Damit ist das Vorhaben sowohl von ukrainischer wie von deutscher Seite benannt, um das es Putin tatsächlich gehen könnte: Nordstream 2. Der Kreml macht keinen Hehl daraus, dass die fertiggestellte, aber bisher nicht in Betrieb genommene Pipeline zur Achillesverse geworden ist. In einer Mitteilung vom 7. Oktober stellt der stellvertretende russische Ministerpräsident und Energieminister Alexander Nowak fest, Russland sei bereit, in diesem Jahr „Rekordmengen an Gas” nach Europa zu exportieren. Aber: Dafür müsste die Gaspipeline Nord Stream 2 schnell zertifiziert werden. Tom Marzec-Manser Gasanalyseleiter des Beratungsunternehmen ICIS in London interpretiert das so: Russland und Gazprom schränken die Exporte nach Europa strategisch und absichtlich in dem Sinne ein, dass sie die zusätzliche Nachfrage nicht deckten. „Vielleicht um die Entscheidungsfindung der deutschen und europäischen Behörden bezüglich der Zertifizierung von Nordtream 2 zu beeinflussen und zu beschleunigen.“

Und in der Tat tut sich um Nordstream 2 derzeit Merkwürdiges oder genauer: Das Merkwürdige ist, dass sich nichts tut.
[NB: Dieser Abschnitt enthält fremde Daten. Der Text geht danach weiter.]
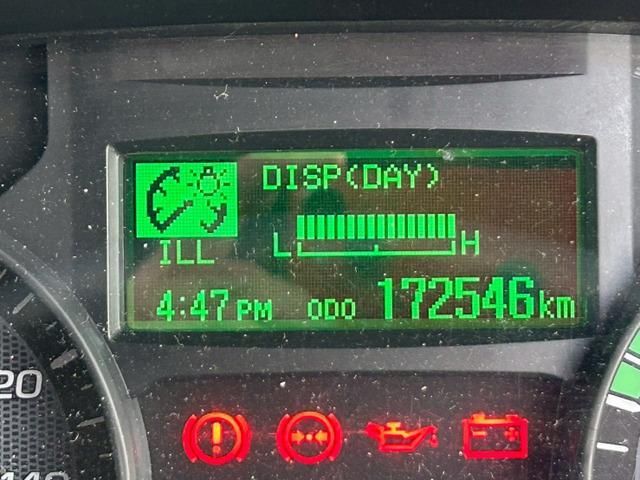 MITSUBISHI CANTER 2020 Image 31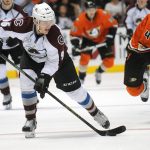 Mikko Rantanen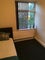 Photo of houseshare in Normanton
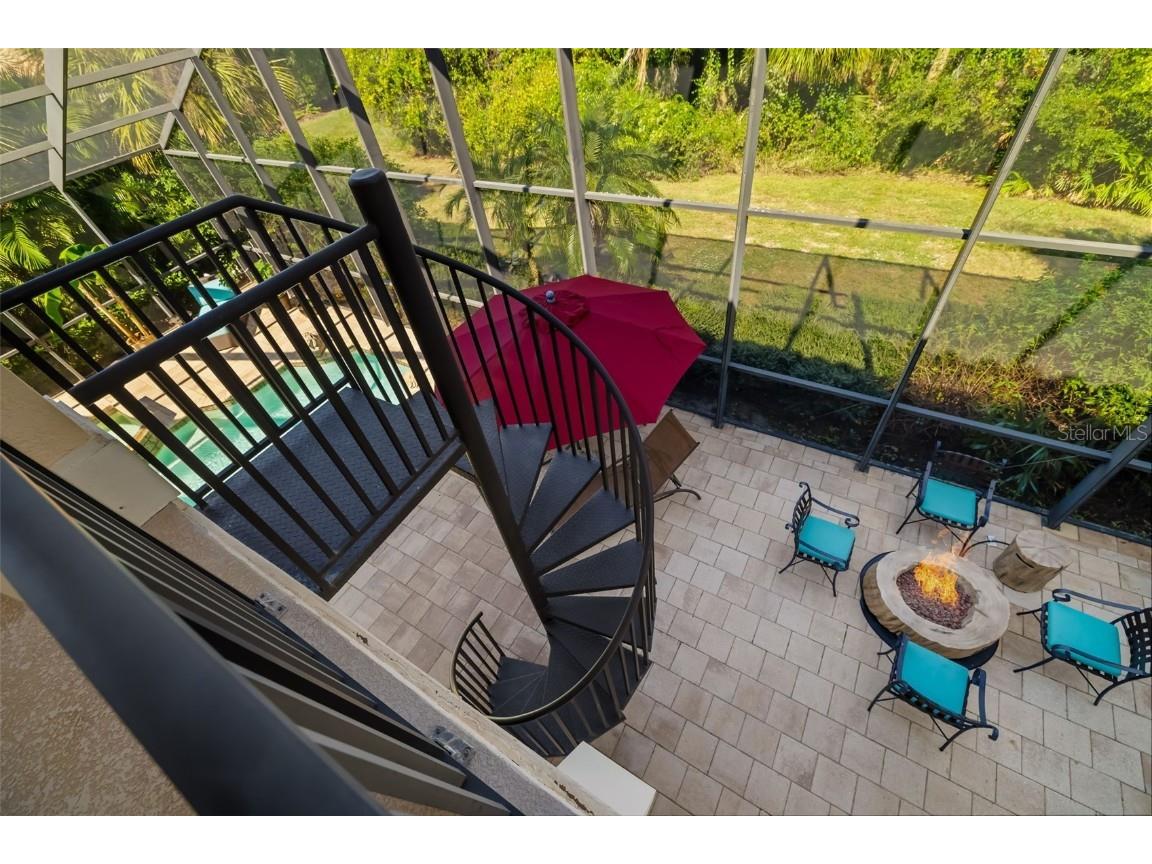 173 Portofino Drive North Venice FL 34275 A4668373 image51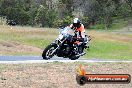 Champions Ride Day Broadford 15 11 2013 - 5CR_3827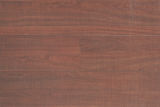HDF AC3 E1 Woodgrain Embossed Laminate Floor
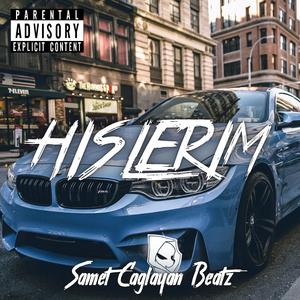 Hislerim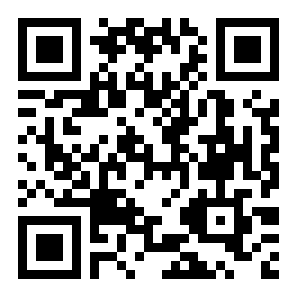 益智智力拼图二维码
Die umstrittenen Ostseepipeline ist fertig gebaut, aber darf aufgrund fehlender Zertifizierungen nicht in Betrieb gehen. Wegen EU-Auflagen muss die Pipeline in den deutschen Hoheitsgewässern von einem unabhängigen Dritten betrieben werden, damit Gasförderung und der Transport nicht in einer Hand liegen. Die Nordstream 2 AG, hat dazu bei der Bundesnetzagentur einen Antrag gestellt, dass sie selbst als unabhängiger Übertragungsnetzbetreiber auftreten will. Ob das aber mit den EU-Auflagen in Einklang zu bringen ist, gilt unter Fachleuten als höchst fraglich. Bis zu zehn Monate Zeit haben Bundesnetzagentur und EU, um den Zertifizierungsantrag für Nord Stream 2 zu bescheiden. Dass dann wieder Sommer ist, nachdem sich Europa einen Winter lang blaugefroren hat, ist denen, die diesen Genehmigungsprozess betreiben, offenbar egal. Unerklärlich ist auch, warum diese Hürde erst nach Fertigstellung der Pipeline auftaucht und an einer Lösung nicht schon vorher gearbeitet wurde. Beim Gasprinz jedenfalls kommt das nicht wirklich gut an und er lässt seine Muskeln spielen.

In der EU allerdings will sich niemand erpressen lassen und sich schon gar nicht den Anschein geben, rechtstaatliche Verfahren auch nur zu beschleunigen, damit das umstrittene Projekt Nordstream 2 in Betrieb gehen kann. Die politischen Hindernisse angefangen von den polnischen Bedenken gegen das Projekt bis hin zum zeitweiligen amerikanischen Veto, waren schon groß genug. Deswegen bleibt den Europäern nichts anderes übrig als an das Gewissen des Prinzen zu appellieren. Der Exekutivdirektor der Internationalen Energieagentur (IEA), Fatih Birol, fordert Russland auf, zu beweisen, dass es ein „zuverlässiger Lieferant“ sei, indem es dazu beitrage, die Angebotskrise zu lindern. Und die noch amtierende Bundeskanzlerin Angela Merkel schloss sich der Argumentation Putins an und sagte: „Russland kann ja nur Gas liefern auf der Grundlage von vertraglichen Bindungen und nicht einfach so.“ Es stelle sich die Frage, ob überhaupt genug Gas bestellt worden sei. Putin wird das mit Zufriedenheit gehört haben. Die Strategie von ihm und Gazprom-Manager Miller jedenfalls, russisches Gas so teuer wie möglich zu verkaufen und die neue Pipeline möglichst bald mit Gas zu füllen, geht auf.